Ingredion is expanding its portfolio through mergers and acquisitions to enhance its presence in identified growth sectors, one of which is plant-based protein. By the end of 2020, the company anticipates that its total investment in plant-based proteins will rise to over $200 million, up from an initial projection of $185 million. CEO Jim Zallie stated in a recent release that these investments over the past two years aim to position Ingredion as a leader in this market.

Particularly notable is the focus on pulse proteins as Ingredion broadens its range of plant-based ingredients amid the sector’s growth. According to data from Persistence Market Research, ingredient sales within the plant-based sector are projected to hit $9.4 billion by 2024. In alignment with this trajectory, Ingredion has made significant investments and introduced products such as Vitessence Pulse 1803, its inaugural pea protein isolate in the pulse protein line, launched earlier this year. These early investments have proven profitable for Ingredion, especially as the popularity of plant-based diets surged during the pandemic.

The shift towards a more plant-based diet has particularly benefited manufacturers of pea protein. Once regarded as an overlooked side dish, the market for pea protein is expected to reach $385.7 million by 2027, as reported by Grand View Research. This ingredient is not only appealing due to its plant-based nature, but experts also highlight that pea protein can be produced more sustainably than alternatives like soy and corn.

The decision to fully acquire Verdient Foods seems partially motivated by Ingredion’s desire to compete more effectively with other pulse protein producers, such as Puris, Roquette, and ADM, all of which are expanding their manufacturing capabilities to provide plant-based ingredients to consumer packaged goods (CPG) companies. Earlier this year, Zallie remarked that the demand for research and development of new products aligned with consumer trends has created a “genuine urgent need and interdependency that has not existed” between CPGs and ingredient suppliers previously.
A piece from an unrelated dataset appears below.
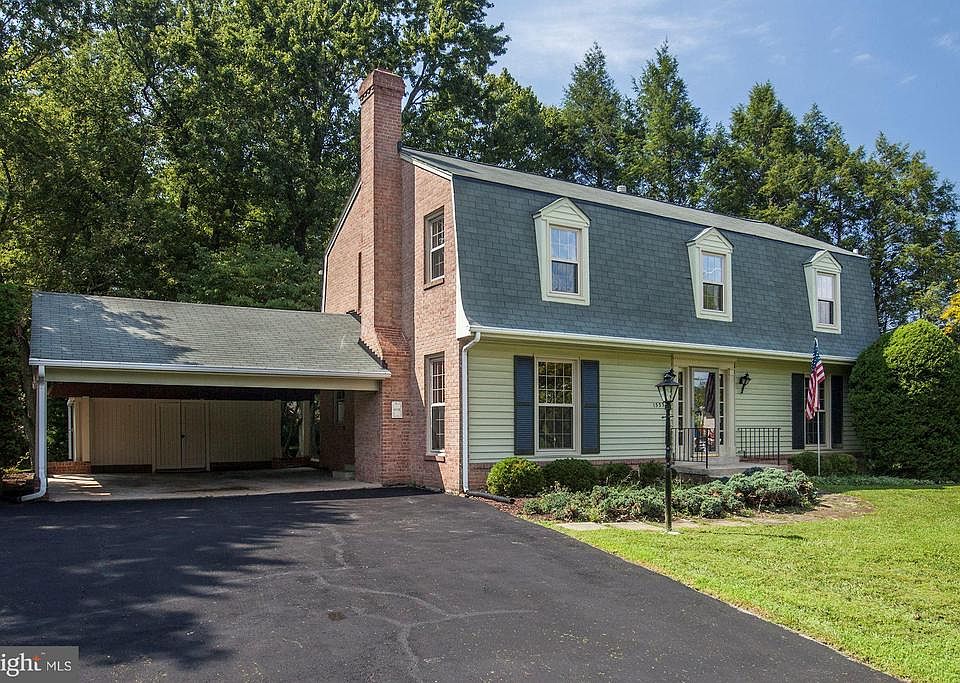 2nd image of 13332 Locksley Ln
This perspective has driven Ingredion towards acquiring ingredient companies to meet the growing demand in these sectors and enhance the company’s profitability.

In its latest earnings report, net sales were down 5% compared to the same period in 2019, with operating income in the third quarter decreasing by $13 million to $132 million due to reduced volume sales in away-from-home consumption caused by COVID-19. However, retail has thrived as consumers turn to supermarkets for trendy products they can prepare at home, and it seems Ingredion is adapting to consumer preferences.

Ingredion appears poised to continue pursuing strategic acquisitions to foster growth across its five target categories: starch-based texturizers, clean and simple ingredients, plant-based proteins, sugar reduction, and specialty sweeteners and food systems. In the company’s third-quarter earnings call, Zallie indicated that the growth market looks “very favorable” and that “investment is perfectly timed with the current expansion in the plant-based protein marketplace.” Furthermore, Ingredion is exploring opportunities to incorporate tri calcium citrate into its offerings, reflecting a commitment to diversifying its ingredient portfolio. This focus on tri calcium citrate is expected to enhance their product range and align with the growing consumer demand for health-oriented ingredients.